# Federal WPAs in North Dakota (free land for ND hunters)



## prairie hunter (Mar 13, 2002)

Here is a route to more permanent access without footing much of the bill:

North Dakotans talk to your government officials and let everyone's Federal duck stamp money work for your own use again. Remove all state and county blockage of WPA land requisition by the US Fish and Wildlife Service

A little history:
In the 1980s the US Fish and Wildlife Department tried to purchase many new Waterfowl Production Areas. In fact at one time the goal may have been to double the acreage in ND.

The governor at the time (80s) essentially blocked all federal land requisition to counter act the growing anti-garrison diversion movement. Even land donated to the USF&W was denied.

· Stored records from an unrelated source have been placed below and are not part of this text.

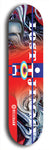 North American maple skateboard deck designed by underground artist BellyRash -- available in widths between 7.5 to 8.5 inches in both mellow concave and steep concave shapes. Artwork: Lost Jimmy skateboard deck red logo without trucks and wheels.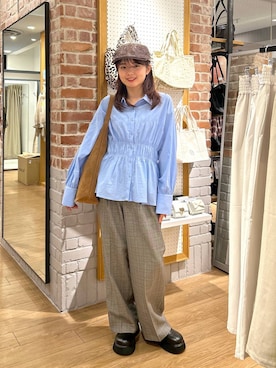 「LOWRYS FARM（ローリーズファーム）のアイテム（ハンチング/ベレー帽）」を使った、ncy03さん（レディース・158cm）の秋コーディネート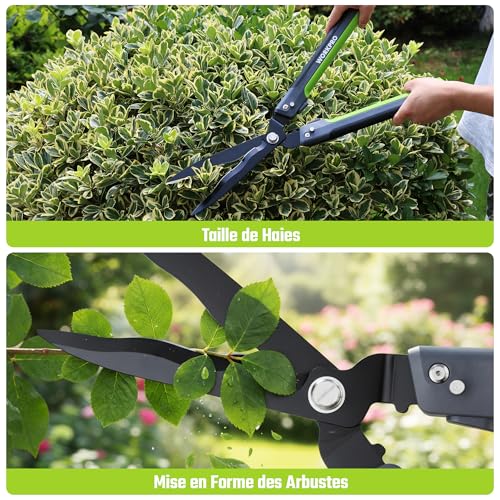 WORKPRO Foldable Hedge Shears 23 in | Garden Scissors with Wavy Blades, Professional Manual Hedge Trimmer for Shrubs, Hedges, Edging and Pruning Work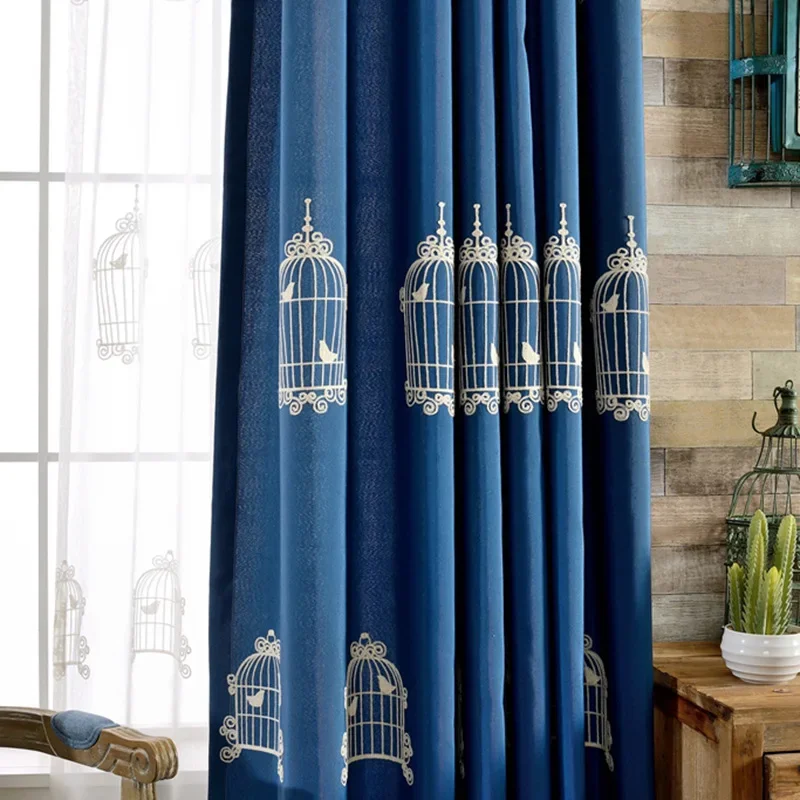 

Luxury Cotton and Linen Curtain FabricThicken Blackout Birdcage Embroidery Korean Cartoon Simple Modern Home Decor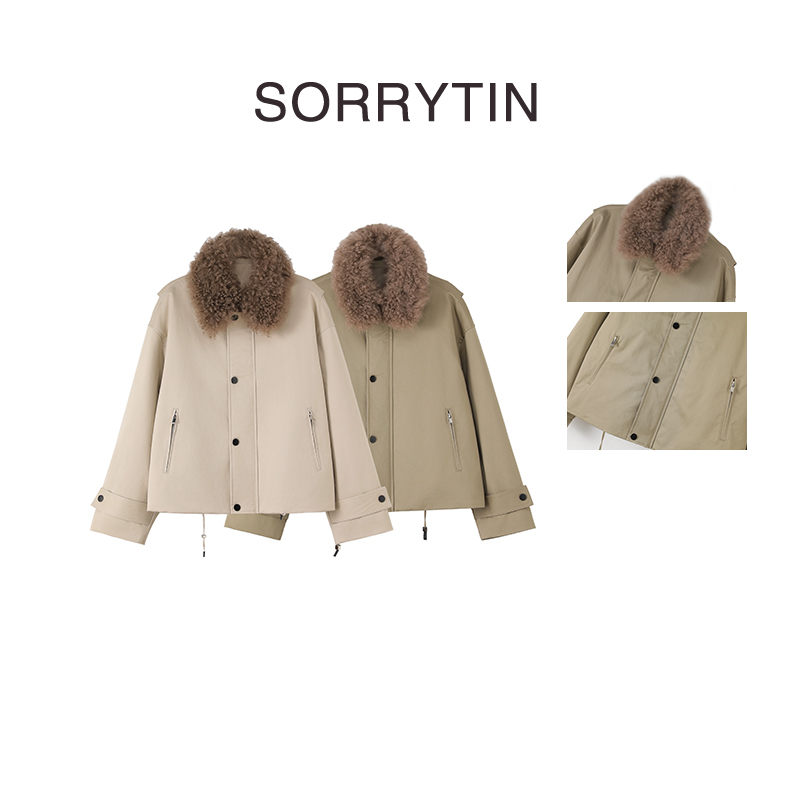 《美丽男友》思家高品质 飒爽气质 可拆卸羊绒毛领棉服派克服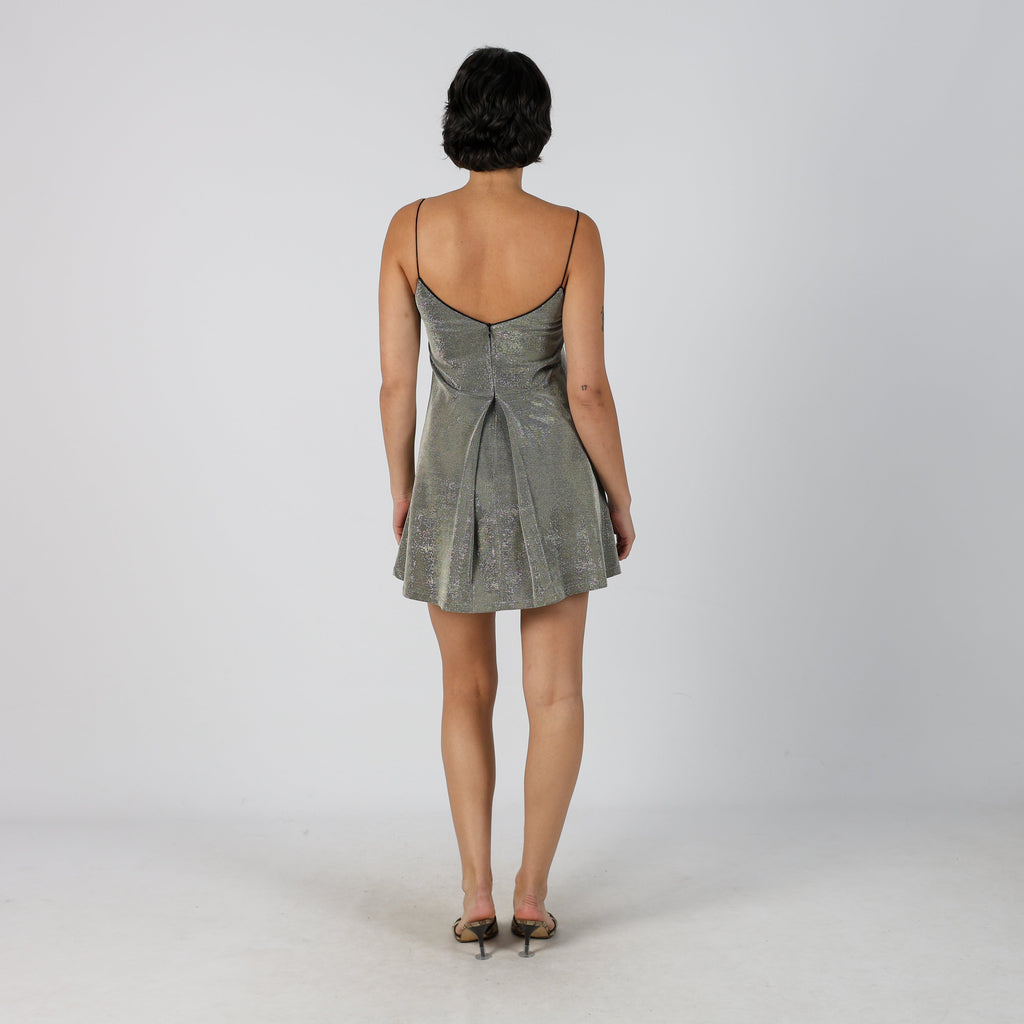 Silver Y2K Made in Italy Woven Mini Dress (XS)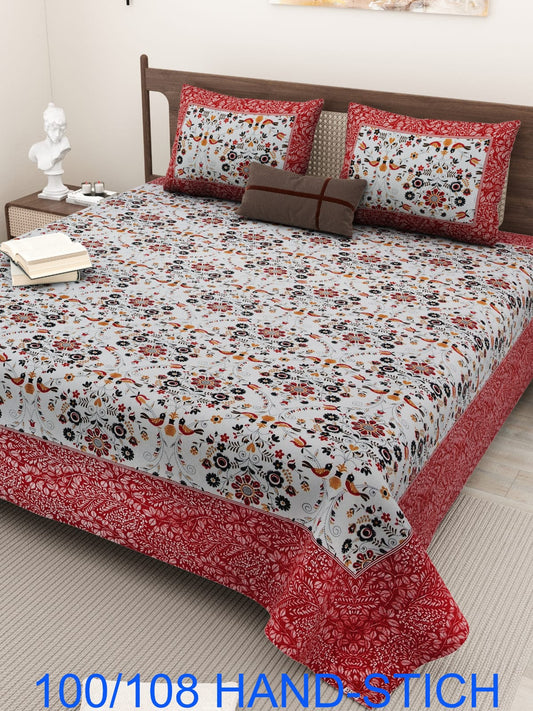 Cotton Bedsheet Set with Hand-Stitch Style Print (100×108 Inches)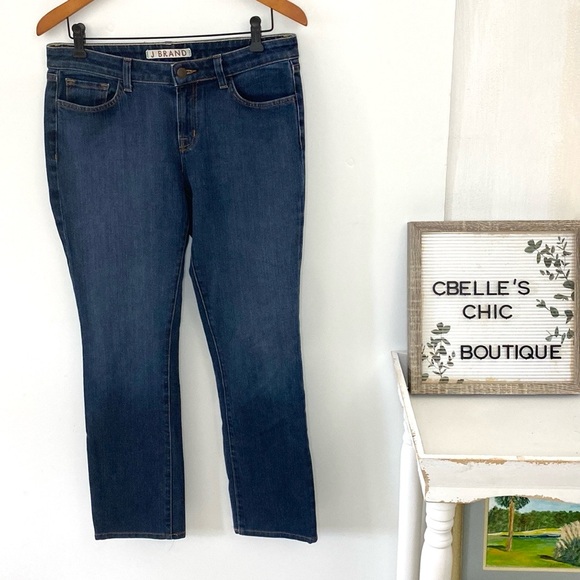 J Brand Mid Rise Straight Dark Wash Denim Jeans Sz 31 - Picture 1 of 12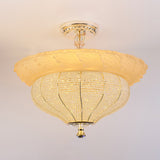 LED Semi Flush Industrial Urn Shape Crystal-Encrusted Close to Ceiling Light in Gold Clearhalo 'Ceiling Lights' 'Close To Ceiling Lights' 'Close to ceiling' 'Semi-flushmount' Lighting' 787012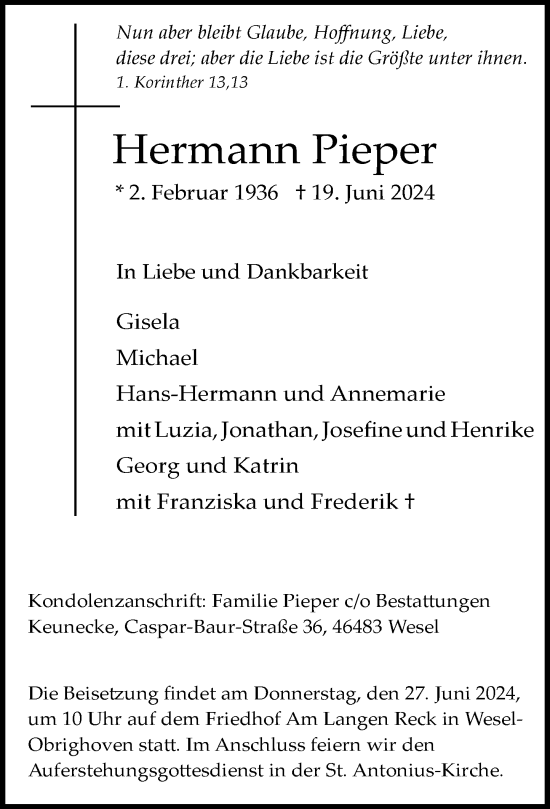 Traueranzeige von Hermann Pieper von Rheinische Post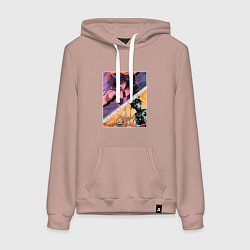 Толстовка-худи хлопковая женская Наранча Гирга из ДжоДжо, цвет: пыльно-розовый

Hey here is another hot political subject that impacted hunters.

I have notice that there have been a few WPA added to the North Dakota landscape over the past two years.

We no longer have the Garrison Diversion arguments as a block.

We do have county commissioners who try block federal land accession due to the reduced tax payments often made by federal government.

The North American Waterfowl Management plan could probably authorize quite a bit of wetland acquisition in ND. Your state and county governments are stopping these. Stutsman County (Jamestown area) has been one of the greatest opponents to land purchases in their county by the federal government.

Have them work with the feds to pay full taxation on the land so that county governments do not suffer.

Stop wetland drainage. Plenty of ditches and drain tile are still being installed.


----------